Task instructions: Write all of the entries out again exactly, but not the images.

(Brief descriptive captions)

================================

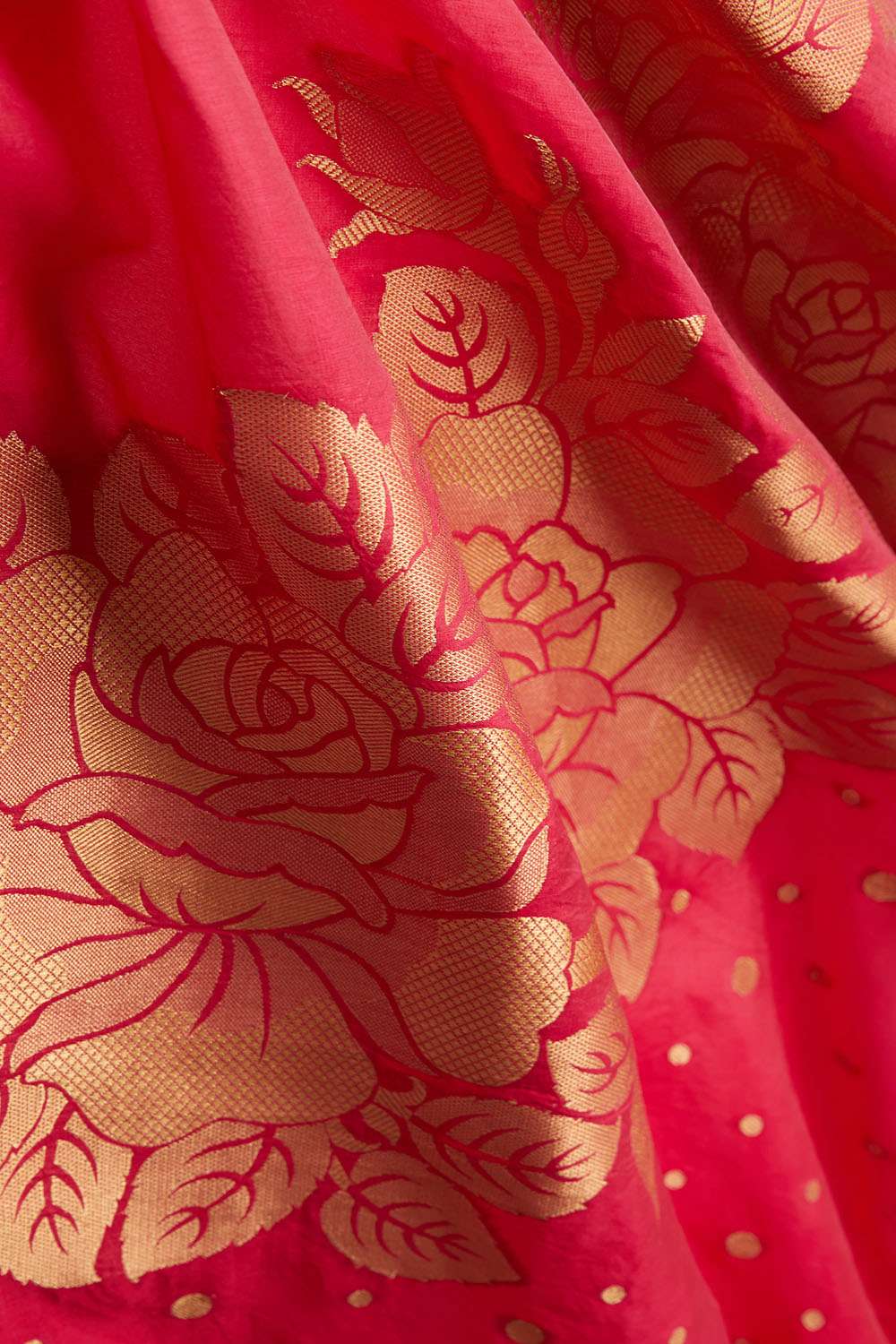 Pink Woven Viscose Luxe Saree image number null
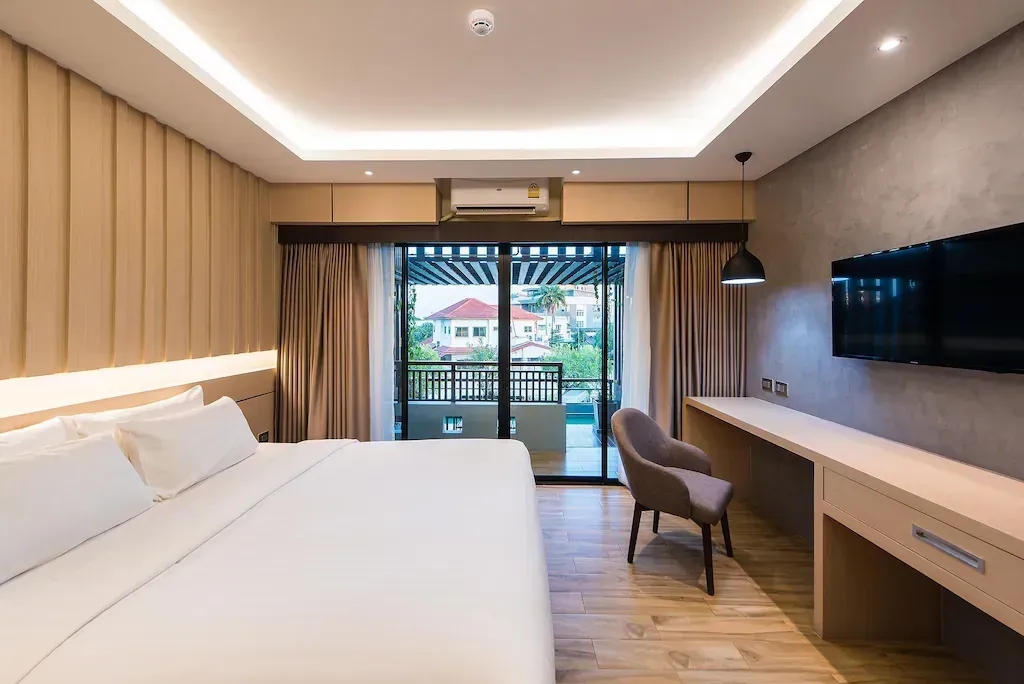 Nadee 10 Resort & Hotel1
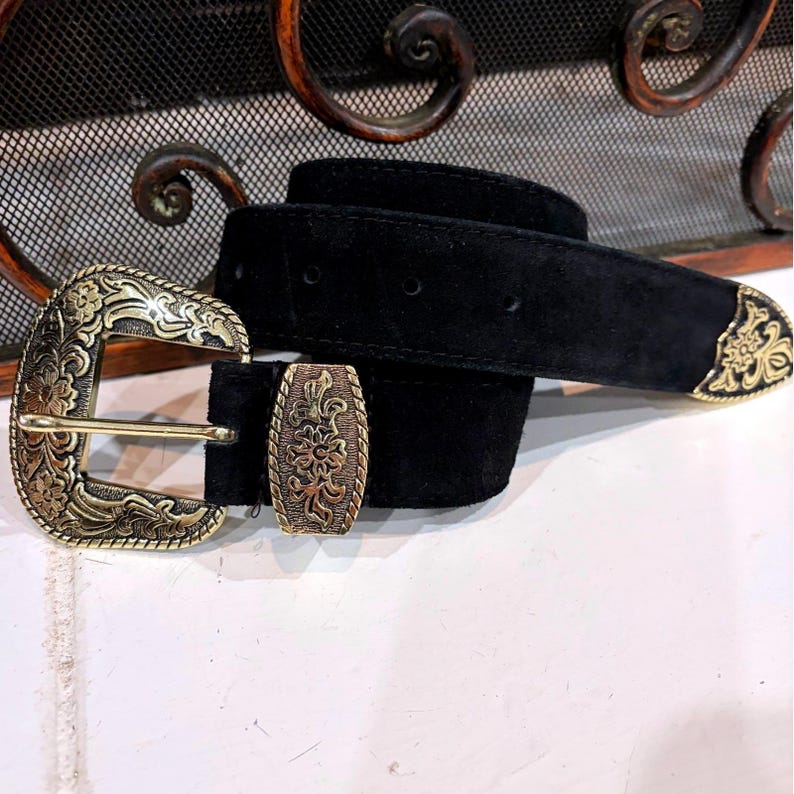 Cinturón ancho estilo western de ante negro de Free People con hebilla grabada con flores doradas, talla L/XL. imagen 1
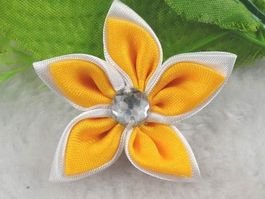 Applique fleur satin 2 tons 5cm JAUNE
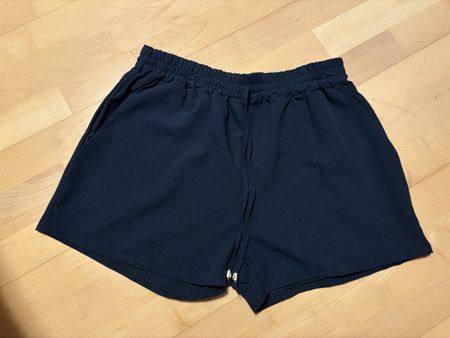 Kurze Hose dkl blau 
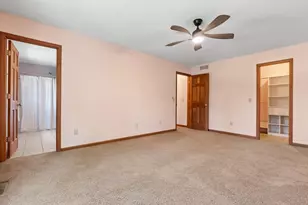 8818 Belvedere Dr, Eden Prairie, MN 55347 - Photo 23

================================

Written reply:
 Pink Woven Viscose Luxe Saree image number null
 Nadee 10 Resort & Hotel1
 Cinturón ancho estilo western de ante negro de Free People con hebilla grabada con flores doradas, talla L/XL. imagen 1
 Applique fleur satin 2 tons 5cm JAUNE
 Kurze Hose dkl blau 
 8818 Belvedere Dr, Eden Prairie, MN 55347 - Photo 23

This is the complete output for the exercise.